Example: status.h and money.h must be included before bank.h,
because methods declared in bank.h take parameters of
type Status::Code and Money. (Many other examples
could be cited.)
b. If the class uses objects for some other class for its
implementation (but not interface), then .h files for these classes
can be #included before or after its .h file (depending on needs
for their interface)
Example: atm.h - We will see that session uses methods of ATM
(such as getTransactionChoice(), ejectCard(),
and retainCard()) to implement its methods
transaction.h - Session creates transaction objects and uses
their doTransactionUseCase method.
c. Standard libaries are normally #include-d first
Examples: None here.
2. Rest of the file is implementation of each method
Note:
a. Use of scope specifier (Session::) before name of each method
being implemented
i. Method names must be unique within a class, but different
classes can have methods with the same name. The complete
name of a method, therefore, must include the class of
which it is a part unless the class is implicit in the context -
which is not the case here.
ii.
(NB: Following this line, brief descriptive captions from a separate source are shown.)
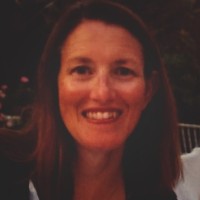 Erin O'Sullivan Morano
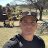 Ednilson_43429e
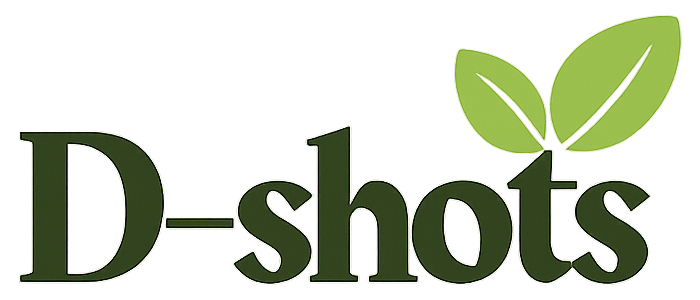 D-shots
Note the order RETURN-TYPE SCOPE::METHODNAME(ARGS)
iii. Note, too, that if the return type or parameter belongs to a
different class, then it may need a scope specifier as well
Example: Status::Code is the return type for the method
Session::doInvalidPINExtension()
b. Methods are a special kind of C++ function, and are implemented
accordingly.
i. Basic syntax:
PROTOTYPE -- must match declaration in interface exactly,
including use of const.
{ BODY }
Examples: doSessionUseCase(), doInvalidPINExtension,
doFailedTransactionExtension(),
cardNumber(), PIN()
ii. Special syntax for constructor
PROTOTYPE
: INITIALIZERS
{ BODY }
- The initializers part is a comma separated list of field names
and values (or base class names and values). Each value can be
any C++ expression, and can use the constructor's parameters
Example: Session() initializers
- With two exceptions, you are not under any obligation to
initialize a field at this point. You can, instead, assign
it a value later.
Example: the _PIN field is not initialized, because its value
is not obtained until the use case is started. It
is assigned a value by the first statement in
doSessionUseCase()
Exceptions:
- If the field is an object (not a simple value) and it does
not have a default constructor (one that takes no
parameters), then you must supply an explicit constructor
call with appropriate parameters.
- A field which is of a reference type must be initialized
here, since it cannot be assigned to
Example: _atm, _bank
- Even if you are not obligated to initialize a given field,
it is good practice to do so if you can give it a reasonable
value.
c. Within an instance method, there is an implicit parameter which is a
pointer to the specific object that received the message that
led to this method being invoked. The fields and methods of
this object are accessible without qualification.
Example: In the initializers list in Session(), we can refer to
the _state and _cardNumber attributes of the Session
object being constructed.
Example: In doSessionUseCase, we use the _atm, _PIN,
_currentTransaction, and _state fields of the Session
object which received the doSessionUseCase message
(This is not the case, however, with a class method - one
declared as static.)
d. Methods of other classes are normally invoked by using the syntax:
VARIABLE.METHOD(ARGS)
or REFERENCE.METHOD(ARGS)
Example: _atm.getPIN() in doSessionUseCase() and several
other similar calls
or POINTER->METHOD(ARGS)
Example: currentTransaction->doTransactionUseCase() in
doSessionUseCase()
Any of these syntaxes have the same effect - the appropriate
method is called, with an implicit parameter pointing to the
object that was named when the method was called.
e. Likewise, methods and fields of other objects of the same class
can be referenced by using the OBJECT. or POINTER -> syntax.
C. There are three important kinds of method that are handled a bit
differently from other methods
1. CONSTRUCTOR METHODS
a. A constructor method is a method whose name is the same as the
name of its class (e.g. Session() is a constructor for objects
of class Session).
i. It can have parameters but most not have a return type specified.
ii. A class can have more than one constructor, provided the
argument types are different.
Example: In the homework, you have been working with a chess
game, which includes the class Game that models a
single game. This class might have two constructors:
Game() - no parameters - starts up a game from scratch
Game(file) - resumes game saved in file
iii. One special type of constructor is the COPY CONSTRUCTOR. It
takes a single parameter of const reference its own type -
e.g. a copy constructor for Session would be declared
Session(const Session &);
The copy constructor is used whenever an object needs to be
copied - e.g. when passing a parameter by value or generating
a run time temporary.
iv. If a class does not have any constructors declared at all, the
compiler generates a default constructor that takes no
parameters and does nothing (except, if necessary, to use
default constructors to initialize fields of class types).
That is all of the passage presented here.